I really like the idea of building TypeScript off of SQL types. But my ideal tool would be able to infer types from queries, not schemas. For example.. if I did:
await db.query("SELECT user_id, COUNT(*) AS count FROM comments GROUP BY user_id");
(If you mean infer solely off of queries, I don't think that's possible unless you jam a bunch of type casts into the field selection part of the query.)
import { Query } from "@codemix/ts-sql";
const db = {
things: [
{ id: 1, name: "a", active: true },
{ id: 2, name: "b", active: false },
{ id: 3, name: "c", active: true },
],
} as const;
type ActiveThings = Query<
"SELECT id, name AS nom FROM things WHERE active = true",
typeof db
>;
// ActiveThings is now equal to the following type:
type Expected = [{ id: 1; nom: "a" }, { id: 3; nom: "c" }];
@jbaudanza sorry my response actually didn't reflect your suggestion at all!
Yeah I would love that sort of tool! I think theres some magic you can do with the es6 templating parsing, but that would be a bit complex to do as a supporting library
No worries! I enjoyed checkout out your implementation!
I think such a tool would be complicated to implemented. I was thinking maybe of integrating with tagged template literals somehow. Maybe something like:
db.query(sql`SELECT COUNT(*) FROM users`)
And then some tool could parse the AST to find all the SQL and generate types.
How about keeping the query as a separate, importable .sql file that can be analyzed by a tool and it could spit out the typings to a .sql.d.ts file? The editor support for mixing languages in a single file was not great, last time I checked.
sqlx is able to do this, but using compile time macros. For a typescript project you'd possibly need a running process reading your source files for queries and probing the database for what will come back.
These barely work. Even their example shows it generating `type : string[]` but `weaknesses : Weakness[]`. You would need to start from a schema definition (JSON Schema, SQL CREATE TABLE, etc.) to make the result any good.
Yeah the good thing about using such a low level tool is that everything remains typed until you reach the query statement. Postgres and typescript enums work great together.
For one of my projects I check in the generated types and replace 'unknown' (from jsonb) with the specific object manually. That way the concept of any or unknown gets pushed mostly out of the codebase (for simple crud. When joining we use normal SQL queries with some helper tools that verify the fields we are picking exist). Hopefully will manage to figure out how to do with with postgres comments at somepoint.

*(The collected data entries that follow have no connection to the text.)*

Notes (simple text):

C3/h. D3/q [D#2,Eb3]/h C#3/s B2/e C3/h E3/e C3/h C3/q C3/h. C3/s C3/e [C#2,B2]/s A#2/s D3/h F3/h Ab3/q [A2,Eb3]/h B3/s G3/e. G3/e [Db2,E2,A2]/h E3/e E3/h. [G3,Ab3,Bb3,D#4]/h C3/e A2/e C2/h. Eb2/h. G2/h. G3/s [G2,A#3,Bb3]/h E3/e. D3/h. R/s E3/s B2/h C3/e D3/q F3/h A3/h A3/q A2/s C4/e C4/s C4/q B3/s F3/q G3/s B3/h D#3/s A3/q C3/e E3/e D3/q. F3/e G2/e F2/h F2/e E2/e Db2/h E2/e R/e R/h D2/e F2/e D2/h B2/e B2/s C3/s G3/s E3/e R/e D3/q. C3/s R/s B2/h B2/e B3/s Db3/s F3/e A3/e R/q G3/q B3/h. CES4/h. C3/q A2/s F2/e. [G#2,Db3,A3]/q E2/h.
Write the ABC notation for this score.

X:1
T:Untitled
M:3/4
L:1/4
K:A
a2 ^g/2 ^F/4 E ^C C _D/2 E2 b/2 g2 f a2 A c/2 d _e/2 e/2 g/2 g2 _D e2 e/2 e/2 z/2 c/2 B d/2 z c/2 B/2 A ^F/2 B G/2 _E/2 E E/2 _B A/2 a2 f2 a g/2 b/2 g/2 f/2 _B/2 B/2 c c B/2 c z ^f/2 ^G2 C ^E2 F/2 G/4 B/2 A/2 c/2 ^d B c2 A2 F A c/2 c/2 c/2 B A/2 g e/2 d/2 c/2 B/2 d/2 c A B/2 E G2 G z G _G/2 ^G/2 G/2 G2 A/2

I am making a competitor to this and I am really happy that the approach seems to be gaining traction. Having the database as the source of truth and migrating it with SQL feels very right for me.

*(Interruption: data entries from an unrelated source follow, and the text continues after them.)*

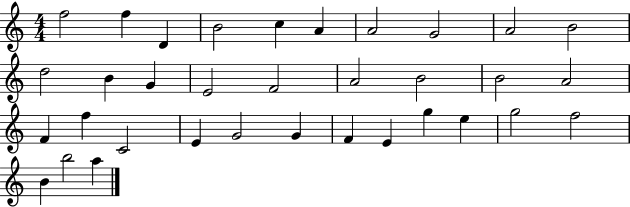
X:1
T:Untitled
M:4/4
L:1/4
K:C
f2 f D B2 c A A2 G2 A2 B2 d2 B G E2 F2 A2 B2 B2 A2 F f C2 E G2 G F E g e g2 f2 B b2 a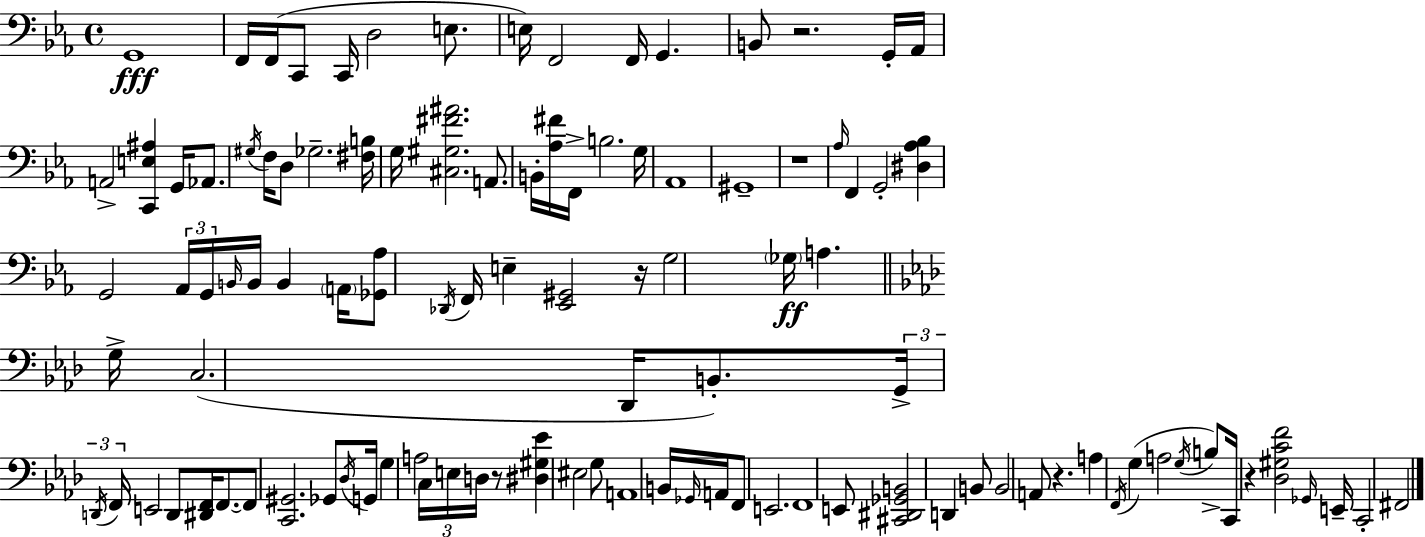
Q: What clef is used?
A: bass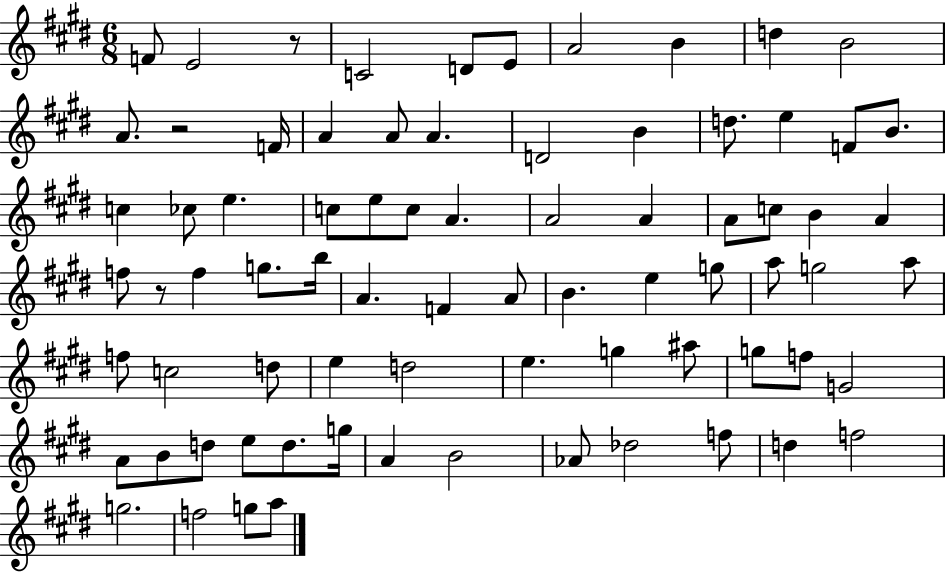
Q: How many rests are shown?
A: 3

It does mean that architectural decisions start in the database as well, which I am trying to govern with "schema linting" ([link redacted]). If you are using Postgres, I would love help with building this.
I'm also massively in favour of having the db as the source of truth. When I first started looking into building my own SaaS I actually tried to go down the database first design, where most of your functionality runs within postgres triggers. But it wasn't near as easy to do things and writing SQL logic is much harder to test.
Figured the next best thing is to just tie the database in extremely closely using typescript into the backend (I rarely define custom types, always try to use Pick/Omit/Partial combinations all the way to the client SDKs).
I ended building generating forms based on the meta data in postgres (select fields know the values from enums and multiselect from enum arrays), so if you define a table in postgres, you just specify which fields you want to render (out of the available columns) and in what order and it pretty much gives you a UI form that is directly rendered in react. Works really well when you have a form component library at your disposal.
I am looking to release the setup I use for deployment but tbh it isn't tested (via tests, since I rely on typescript for most of my data shuttling) and there's alot to it so need to write alot of documentation which i don't have time for.
But, the jist is, we APIs like this (this can be improved with less generic json schemas):
export const updateSamf: APIFunction<UpdateSamf, void> = async ({ database }, { samfId, ...data }) => {
if (Object.keys(data).length === 0) {
throw new InvalidParametersError('No fields to update')
}
if (data.title && data.title.length < 3) {
throw new InvalidParametersError('Title needs to be at least 3 characters')
}
if (data.tags) {
data.tags = data.tags.map((t) => t.toLowerCase())
}
await database.crudUpdate<Samf>('samf', data, { samfId }, new SamfNotFoundError())
if (data.cover && previousCover) {
await content.delete(previousCover)
}
}
export const routes: APIRoutes = [{
type: 'patch',
route: StudioRoutePath.SAMF_CRUD,
func: updateSamf,
schema: 'UpdateSamf',
permissions: isSamfOwner
}]
The form building part I don't no, I built it for a client that has a few dozen forms with hundreds of fields / options which is hard to keep up with. So we settled on using a csv file that is essentially a products owner way of saying, i want this field on this entity of this type.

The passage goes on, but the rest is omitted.